REQUIREMENT | Skip every image and restate the data word for word.

DATASET SECTION section start

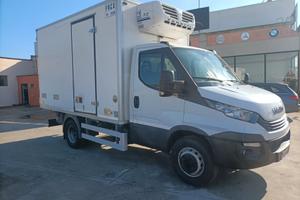 IVECO DAILY 60 c 15 A TELAIO 12/2017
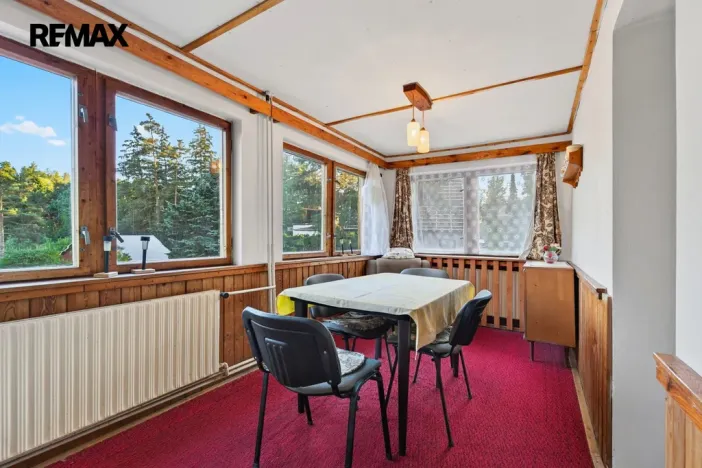 Prodej chaty, Mokrovraty - Pouště, 70 m2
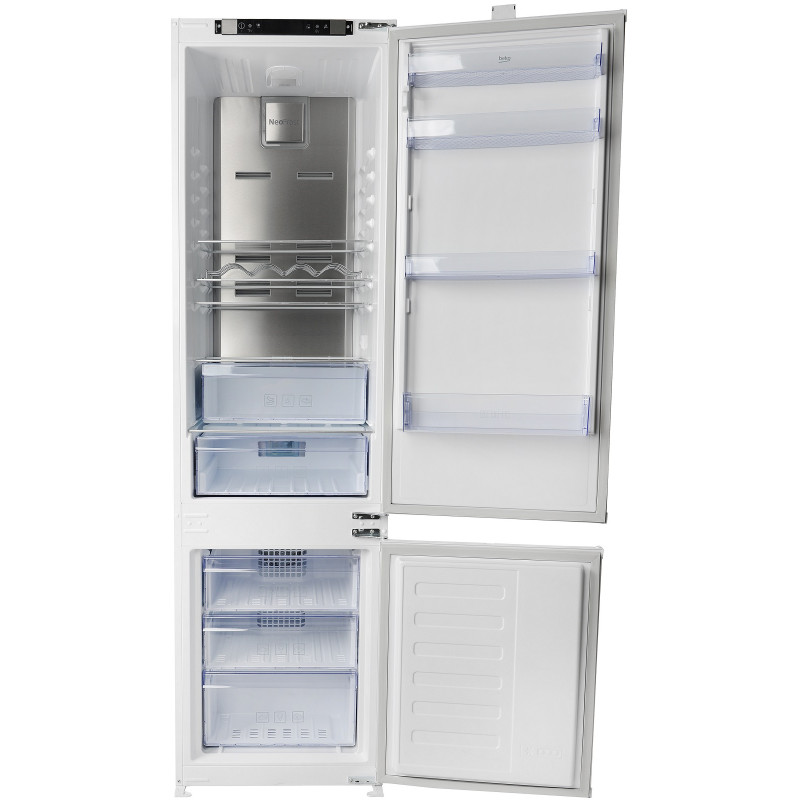 Холодильник BEKO BCNA306E3S (вбудований)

DATASET SECTION section end

WRITTEN RESPONSE |
 IVECO DAILY 60 c 15 A TELAIO 12/2017
 Prodej chaty, Mokrovraty - Pouště, 70 m2
 Холодильник BEKO BCNA306E3S (вбудований)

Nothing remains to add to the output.